Park board commissioner Elizabeth Shaffer was instrumental in ensuring that local organizations which have historically cared for the impacted area, particularly the Cedar Lake Park Association, had a voice in the allocation of these funds and the overall direction of the project.
Park board easement funds are typically scant and, when collected, usually go into the Planning Department’s general fund. In January 2022, Shaffer proposed an amendment to get these easement fees contracted to be used to address the community’s priorities, but the park board voted it down. Her amendment eventually passed in June, and fees were added to the contract rather than the general fund. Shaffer explained, “This is when my amendment to direct the fees to a natural resource project around Cedar Lake was supported…acknowledging the impact SWLRT has caused on one of the most natural public corridors in our city and including the volunteers and community in how the funds would be spent.”
The resulting restoration contract was
awarded to Prairie Restorations, a local environmental firm with a proven record with such projects. The firm was selected in part because its scope of services and pricing allowed for follow up beyond the first stage of eradication. The project aims to rehabilitate and enhance the ecological health of this largely decayed 18-acre natural area. Restoration will better connect the area to other adjacent park improvements including the Cedar Lake Regional Trail Prairie to the north and East Beach, School Forest and Burnham Woods to the south. Significantly, the woodlands will now receive increased institutional recognition and accountability because the MPRB Natural Resources department considers it a “managed” natural area.
The contract includes three objectives, the first being “initial invasive species removal,” specifically targeting removal of mature buckthorn and roundleaf bittersweet. The project is scheduled to run through the second quarter of 2027, but the immediate impact has been jarring to many who frequent these woods. Forest mowers have been plowing and shredding invasives at a rapid pace, removing almost anything under 10-15 feet, and leaving torn stumps roughly six inches above the ground.

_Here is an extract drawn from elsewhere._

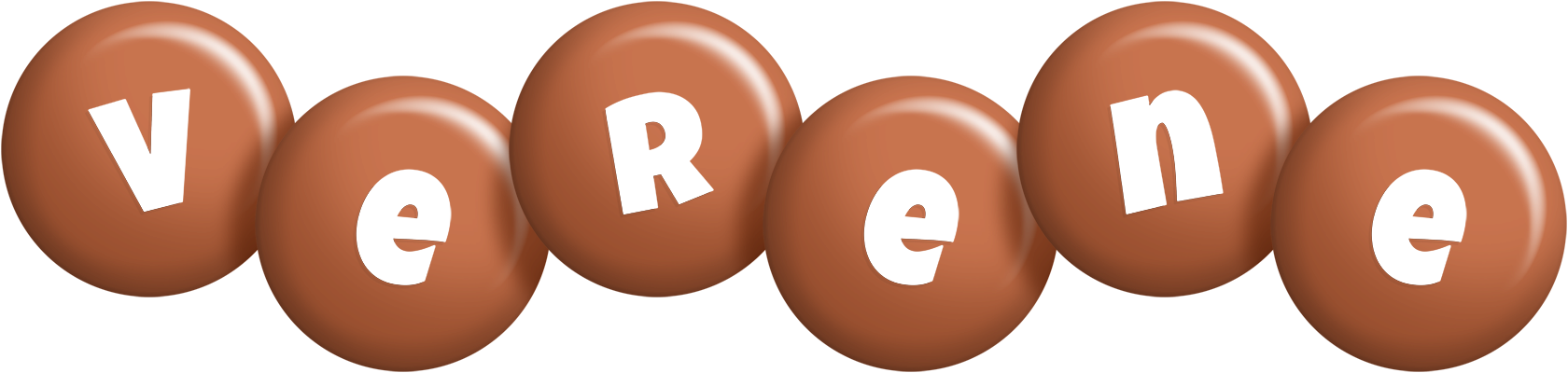Verene candy-brown logo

Regular walkers will discover a profoundly changed woodland. But, particularly for those who have long recognized how utterly choked the area was with invasives, there is a new sense of possibility, freeing the native trees from the grip of these invasives. While it may be hard for some to move past the stumps and woodchips, a new sense of place is forming, with lines and shapes and spaces never before experienced by people alive today. Finally, for those who are having trouble getting past the wood chips and stumps, park board forestry staff report that the chips biodegrade more quickly than larger cuttings, and shredded stumps are less prone to resprouting than clean cut ones.

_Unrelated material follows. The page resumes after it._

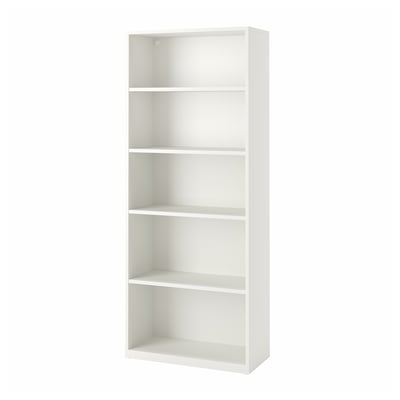 TONSTAD Biblioteca, blanco hueso, 81x37x201 cm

The contract’s second objective, “follow up control of resprouts and seedlings,” is scheduled for 2025 to 2027. This will include spot spraying of herbicides (Garlon mixes) to any surviving invasives. The third and final objective is the reestablishment of native plant communities, including various woodland and prairie mixes. Recent research from the University of Minnesota encourages the use of grasses, and the project management team is looking at the purchase of Canada wild rye and silky wild rye.
This project represents a significant public investment in a long overlooked and badly deteriorated natural area. It also demonstrates a commitment to engaging the local community, and to prioritizing the basic needs of our natural areas over the development of facilities, features and amenities. Overall, this project recognizes the value of natural parklands as the foundation of our park system, and there is every reason to be hopeful that in 10 to 20 years this area will be viewed as a model of successful restoration.